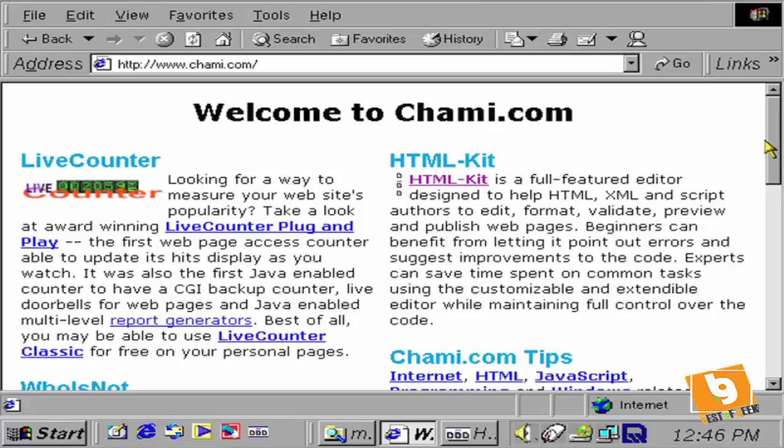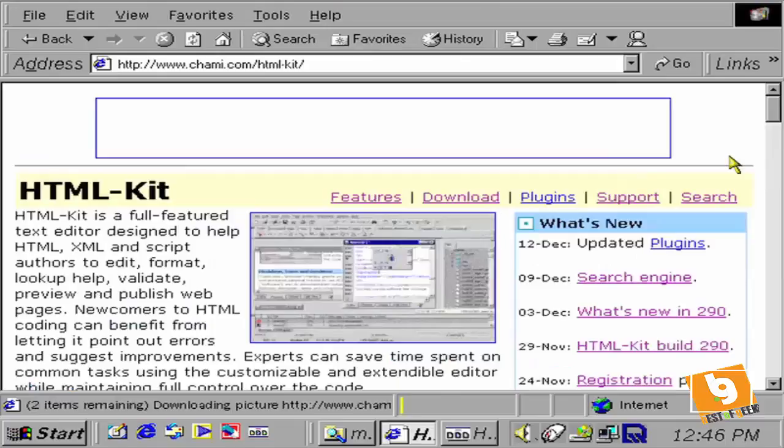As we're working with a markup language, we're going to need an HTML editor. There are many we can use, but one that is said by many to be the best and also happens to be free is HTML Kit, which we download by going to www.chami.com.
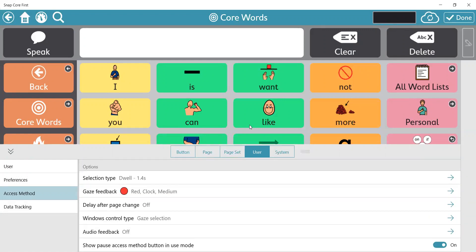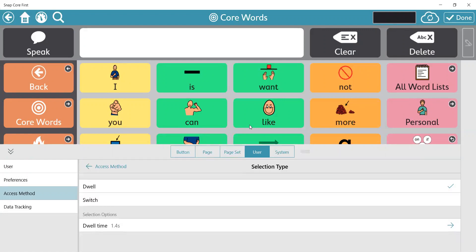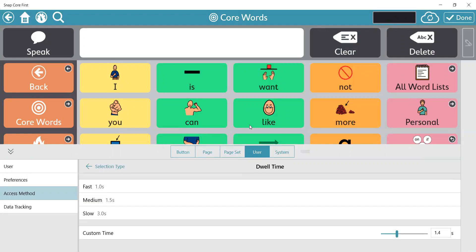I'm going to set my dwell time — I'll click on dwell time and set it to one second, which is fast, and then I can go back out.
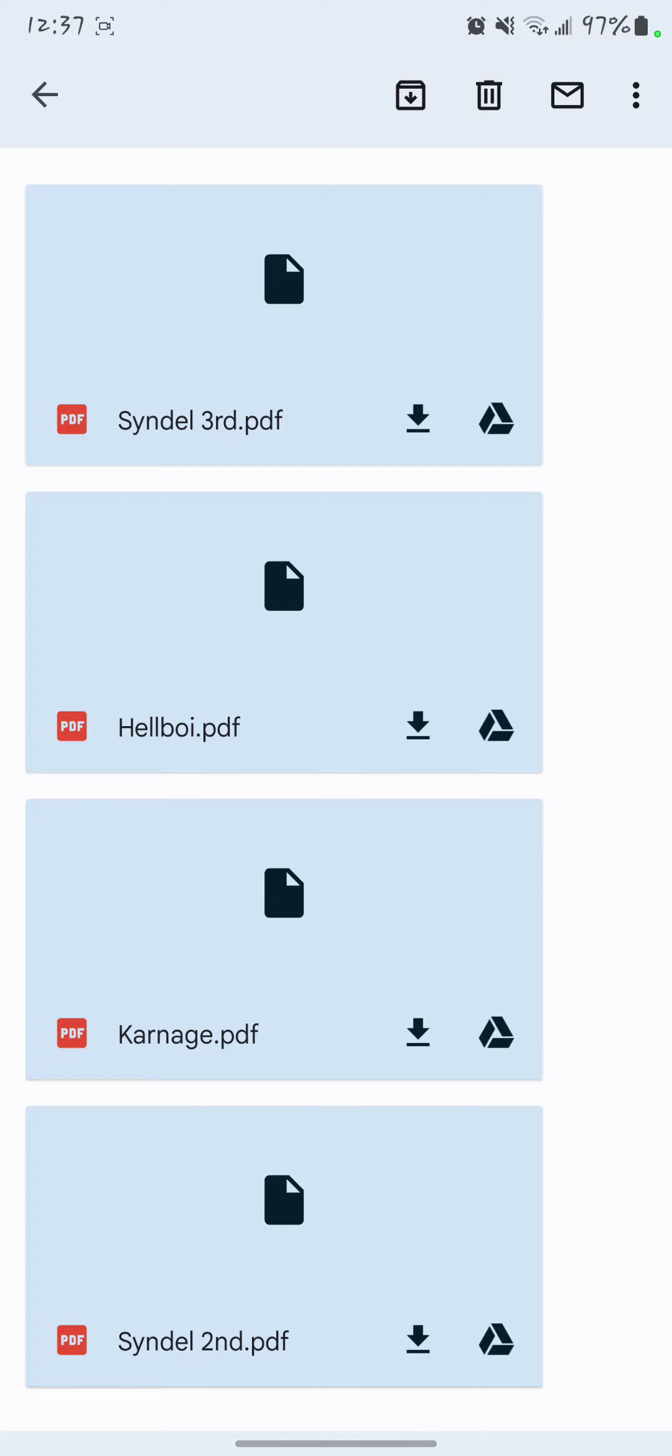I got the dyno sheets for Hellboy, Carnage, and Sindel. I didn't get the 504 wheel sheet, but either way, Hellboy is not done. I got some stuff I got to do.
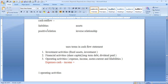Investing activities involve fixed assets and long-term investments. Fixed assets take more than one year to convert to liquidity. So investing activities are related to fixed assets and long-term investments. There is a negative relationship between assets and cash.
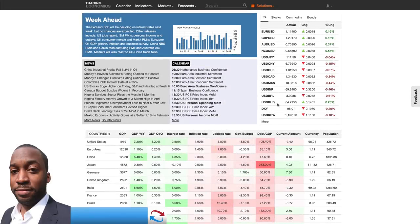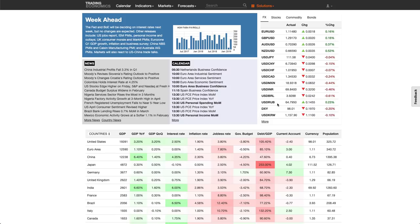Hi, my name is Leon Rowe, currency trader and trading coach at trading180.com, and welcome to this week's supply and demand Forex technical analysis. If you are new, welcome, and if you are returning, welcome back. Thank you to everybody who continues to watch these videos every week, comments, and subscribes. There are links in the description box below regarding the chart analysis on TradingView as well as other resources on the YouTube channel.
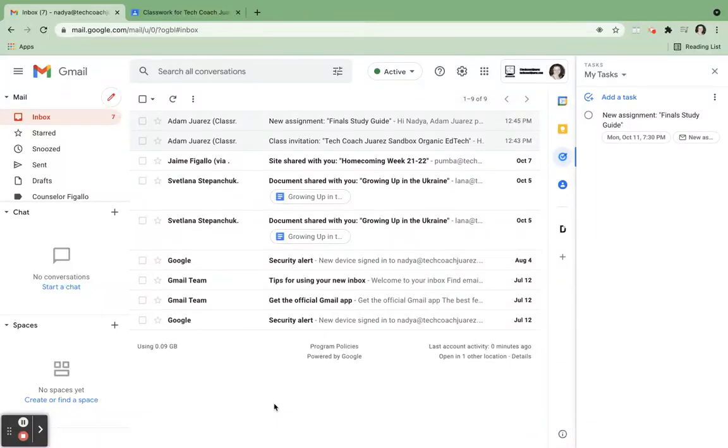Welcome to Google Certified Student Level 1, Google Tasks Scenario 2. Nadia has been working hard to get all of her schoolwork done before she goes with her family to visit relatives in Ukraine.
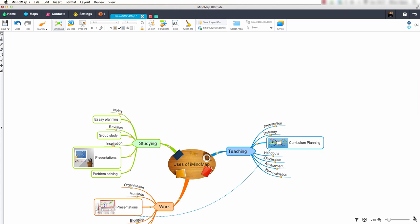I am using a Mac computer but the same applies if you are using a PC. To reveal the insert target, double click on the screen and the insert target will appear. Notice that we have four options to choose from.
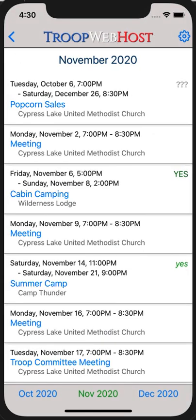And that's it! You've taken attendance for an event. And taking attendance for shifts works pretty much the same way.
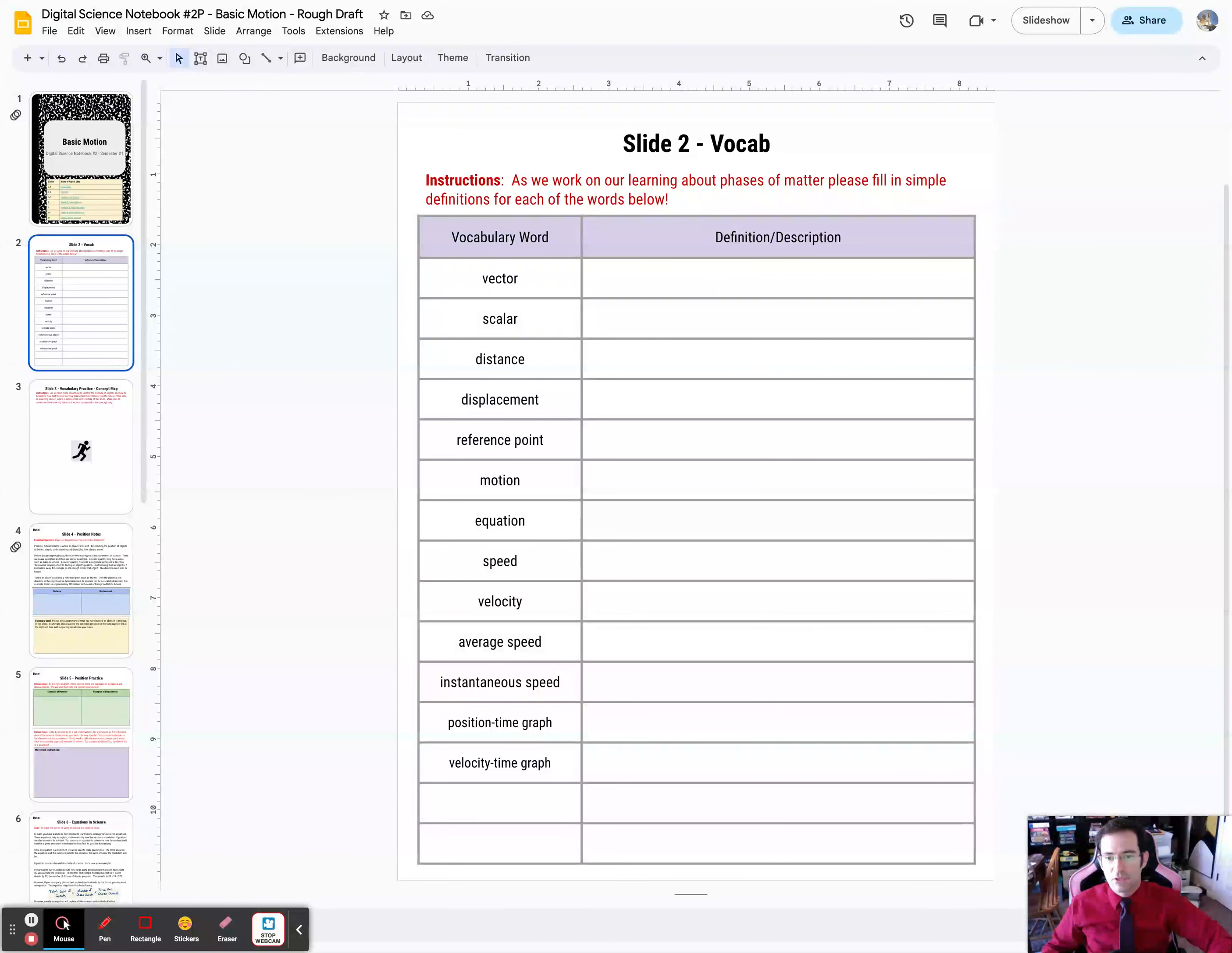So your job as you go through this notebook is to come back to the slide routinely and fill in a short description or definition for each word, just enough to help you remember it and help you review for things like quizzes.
◇ ◇ ◇ ◇ ◇
**TASK STATEMENT:** What you return must match the material above exactly, minus its pictures.

**TASK SOLUTION:**
As we're working with a markup language, we're going to need an HTML editor. There are many we can use, but one that is said by many to be the best and also happens to be free is HTML Kit, which we download by going to www.chami.com.
I'm going to set my dwell time — I'll click on dwell time and set it to one second, which is fast, and then I can go back out.
I got the dyno sheets for Hellboy, Carnage, and Sindel. I didn't get the 504 wheel sheet, but either way, Hellboy is not done. I got some stuff I got to do.
Investing activities involve fixed assets and long-term investments. Fixed assets take more than one year to convert to liquidity. So investing activities are related to fixed assets and long-term investments. There is a negative relationship between assets and cash.
Hi, my name is Leon Rowe, currency trader and trading coach at trading180.com, and welcome to this week's supply and demand Forex technical analysis. If you are new, welcome, and if you are returning, welcome back. Thank you to everybody who continues to watch these videos every week, comments, and subscribes. There are links in the description box below regarding the chart analysis on TradingView as well as other resources on the YouTube channel.
Welcome to Google Certified Student Level 1, Google Tasks Scenario 2. Nadia has been working hard to get all of her schoolwork done before she goes with her family to visit relatives in Ukraine.
I am using a Mac computer but the same applies if you are using a PC. To reveal the insert target, double click on the screen and the insert target will appear. Notice that we have four options to choose from.
And that's it! You've taken attendance for an event. And taking attendance for shifts works pretty much the same way.
So your job as you go through this notebook is to come back to the slide routinely and fill in a short description or definition for each word, just enough to help you remember it and help you review for things like quizzes.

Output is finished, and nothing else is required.